The myth is that after 50, sex is like older men’s hair—it recedes then disappears. There’s a germ of truth to this. After 50, libido declines. Older women develop vaginal dryness and/or atrophy. And older men suffer balky erections or erectile dysfunction (ED). These changes can render intercourse difficult or impossible, even with lubricants and erection medication.
But as sexy 70-year-old Joan Price writes in her terrific new book, The Ultimate Guide to Sex After 50, if you let go of the idea that sex equals intercourse and expand your erotic horizons to encompass pleasure that includes the genitals but involves the whole body, older sex just might be the best sex of your life. Here’s why:
• Older lovers are more erotically in synch. Young love is hot and juicy, but many young men are all finished and falling asleep before young women have even warmed up to genital play. In addition, young women tend to be less genitally focused than young men and more interested in playful mutual whole-body massage. These gender differences often cause conflict.
But after 50, men’s and women’s erotic sensibilities converge. Men need more time to become aroused, and as erection and intercourse become problematic, men who remain sexual usually warm up to the whole-body sensuality that women enjoy. “Compared with young lovers,” says developmental psychologist Richard Sprott, Ph.D., of California State University, East Bay, in Hayward, “older couples are more sexually similar. Couples who appreciate this can enjoy richer, more fulfilling sex at 65 than they had at 25—even if the men can’t raise erections or manage intercourse.”

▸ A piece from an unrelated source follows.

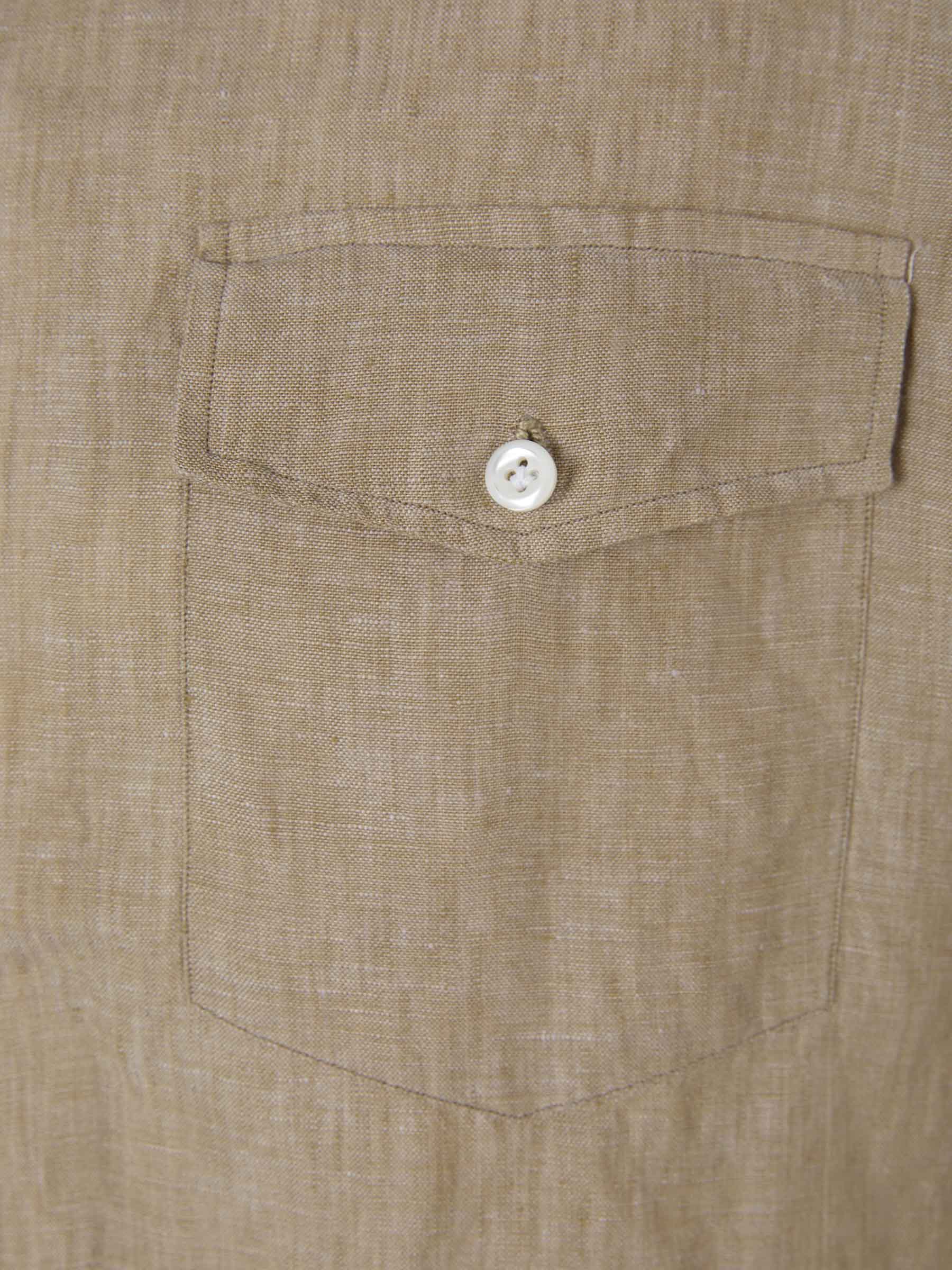 Borrelli Camisa Ligera Lino color Topo sku 531-005847 02 - Foto 9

• Older men don’t need erections to enjoy sexual pleasure. Sexologists agree that at every age, satisfying lovemaking has less to do with rock-hard erections and pounding intercourse than with kissing, cuddling, and leisurely, playful touching all over—mutual whole-body massage that includes the genitals but is not fixated on them. This message is often lost on young men driven by testosterone. They plunge into intercourse before their lovers or their penises are ready, resulting in irate women and premature ejaculation. Older men are less ruled by their hormones. Despite balky or absent erections, if older men embrace what sexologist call “outercourse,” that is, mutual whole-body pleasuring with fingers, lips, tongues, and sex toys, they can enjoy deeply satisfying lovemaking without erections or intercourse.

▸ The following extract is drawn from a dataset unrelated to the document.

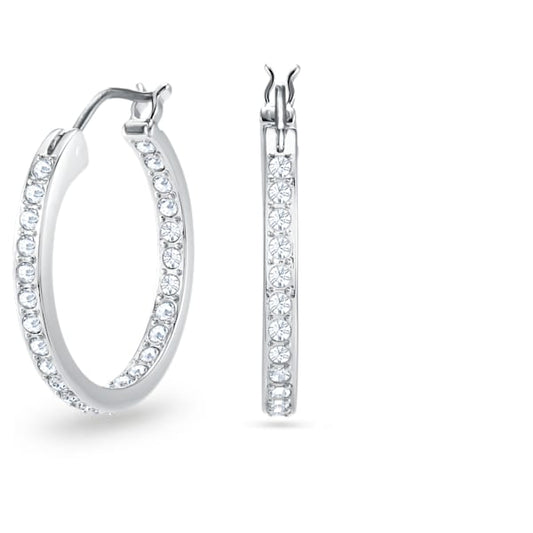 Swarovski Sommerset Earrings White, Rhodium plated 5616262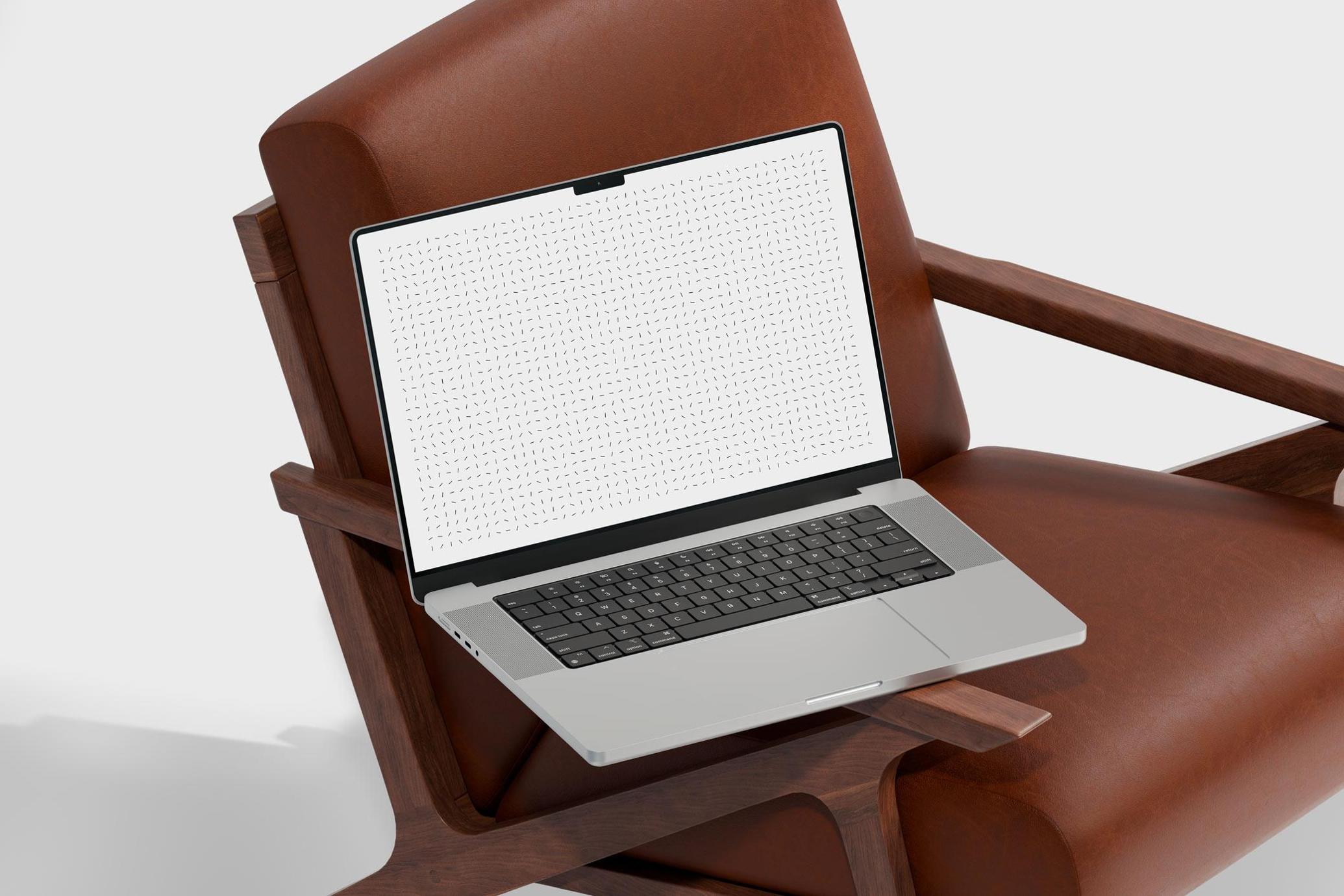 Leather Chair MacBook Pro Mockup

• Women are more likely to get the sex they want. As older men slow the pace and learn to enjoy playful whole-body mutual massage, women get more of what they’ve always wanted. Many resent men less and relax and enjoy sex more, which increases women’s erotic responsiveness, creativity, and satisfaction.
• Older men don’t need erections to have marvelous orgasms. This surprises many men, but it’s true. In an erotic context with vigorous, extended manual or oral stimulation, men with semi-firm or even flaccid penises can still enjoy satisfying orgasms. Many men have difficulty adjusting to sex and orgasms without erections, but when men adapt to their new situation, they often report orgasms as enjoyable as any they’ve ever experienced.
• Concerns about pregnancy and contraception disappear. Remember the hassles of preventing unplanned pregnancy? Condoms, diaphragms, the Pill—all in the past. Older couples can make love with no anxiety about its consequences. This new freedom allows deeper relaxation, which boosts erotic pleasure.
• The kids are gone—finally! Many couples enjoy music during lovemaking and some like to whoop it up. But if teen or young adult children are still at home and coming and going at all hours, their parents often feel constrained and self-conscious about playing too enthusiastically in the sack. Once the nest empties, this issue disappears, and lovemaking can be enjoyed anywhere around the house, anytime, at any volume.
In The Ultimate Guide to Sex After 50, Price deftly deals with these issues and many others: dating in older adulthood, rediscovering diminished or lost desire, sex toys for older lovers, how to comfortably stretch your erotic boundaries, relieving sexual pain, enjoying sex despite chronic illness, and more. It’s a wonderful, life- and love-affirming guide that I heartily recommend. It's available from Amazon.
Of course, it’s not easy adjusting to the sexual changes of older adulthood. Change is always challenging, especially when it involves sex. But if you can transition from sex focused on intercourse to sex based on outercourse, you may be surprised to discover that older sex can feel marvelously fulfilling—and just might be the BEST sex of your life.